— TO DO —
Go through the listing below and return each line that includes "Black".

#### PROVIDED DATA ####

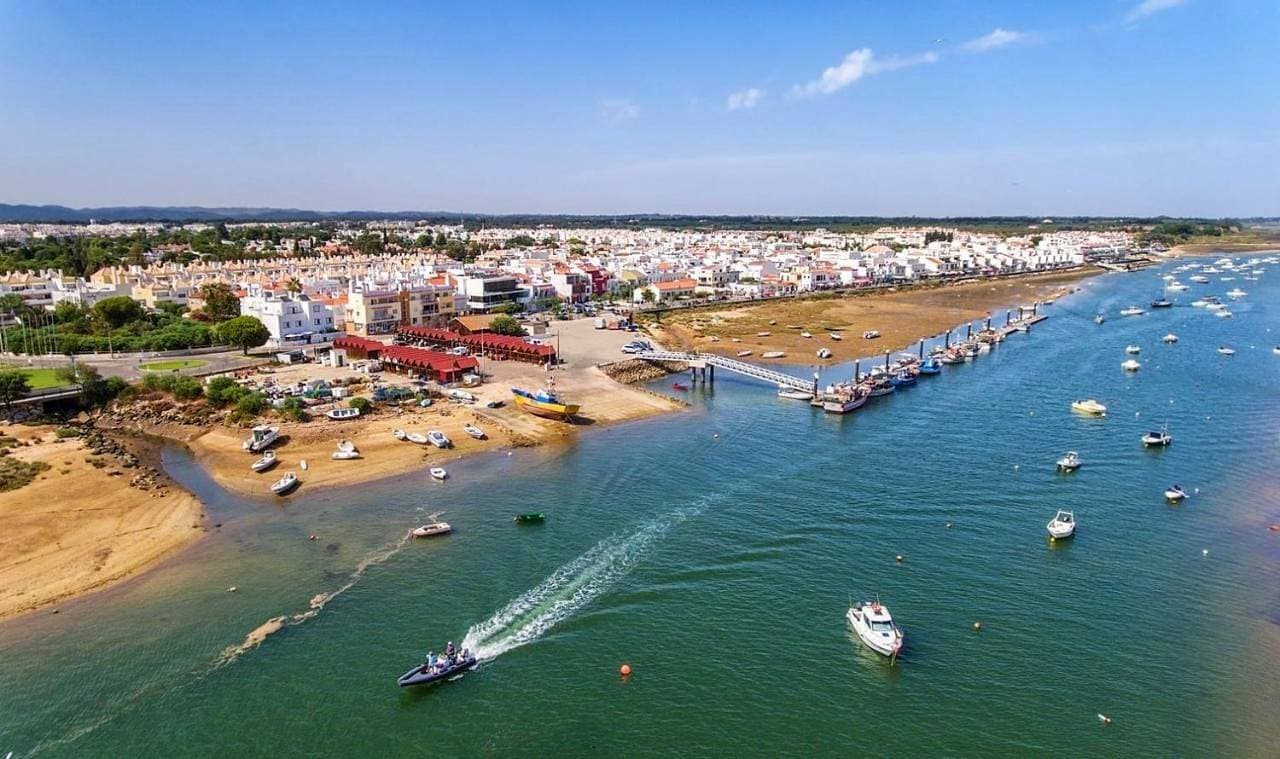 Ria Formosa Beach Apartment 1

####
#### PROVIDED DATA ####

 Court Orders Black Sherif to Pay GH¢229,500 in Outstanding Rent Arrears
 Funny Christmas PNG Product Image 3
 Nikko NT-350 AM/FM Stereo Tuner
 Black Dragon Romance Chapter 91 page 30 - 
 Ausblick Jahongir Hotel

####

— YOUR SOLUTION —
 Court Orders Black Sherif to Pay GH¢229,500 in Outstanding Rent Arrears
 Black Dragon Romance Chapter 91 page 30 - 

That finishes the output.